Army suspends truce negotiations in Sudan

The Sudanese army on Wednesday suspended negotiations under the aegis of the United States and Saudi Arabia on a truce intended to allow the delivery of humanitarian aid to the famine-threatened country, accusing the paramilitaries of failing to respect their commitments.
General Abdel Fattah al-Burhane’s army and General Mohamed Hamdane Daglo’s Rapid Support Forces (RSF) paramilitaries, who have been at war in Sudan since April 15, have regularly committed to truces that have never been respected. The latest truce began on May 22 and was extended for five days on Monday.
But even on Tuesday, fighting raged in Khartoum and in the Darfur region of western Sudan.
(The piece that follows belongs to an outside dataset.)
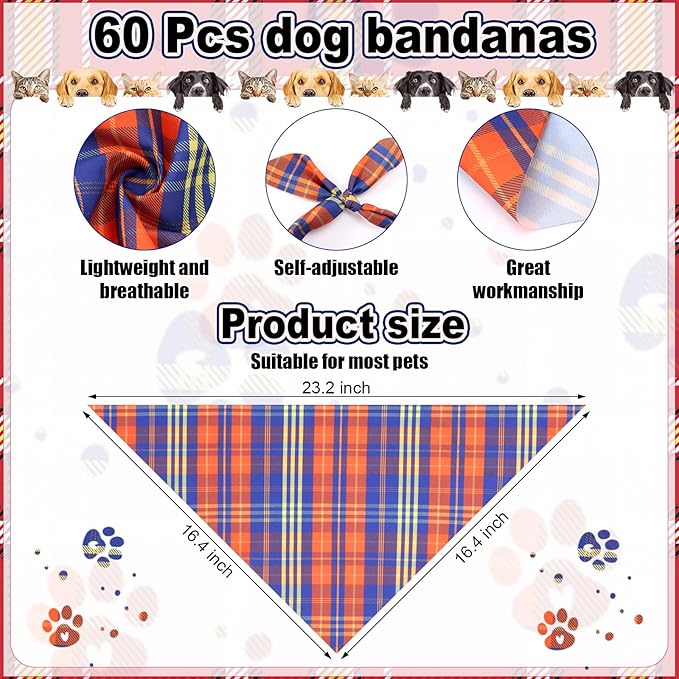 108 Pcs Christmas Adjustable Dog Bandanas Bulks Plaid Striped Bow Ties for Dogs Autumn Buffalo Bowknot Reversible Triangle Scarf Kerchief for Small Large Medium Pet Grooming Outfit Costume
The war has already claimed more than 1,800 lives, according to the NGO ACLED. On Wednesday, the army “suspended its participation in the negotiations” taking place in Saudi Arabia, a Sudanese government official announced on condition of anonymity.
The army, represented in Jeddah by figures known for their hard line against the RSF, took this decision “because the rebels have never implemented one of the points of the temporary truce agreement, which provides for their withdrawal from hospitals and homes”, he explained. “The army is ready to fight until victory”, said General Burhane on Tuesday, visiting his troops in Khartoum.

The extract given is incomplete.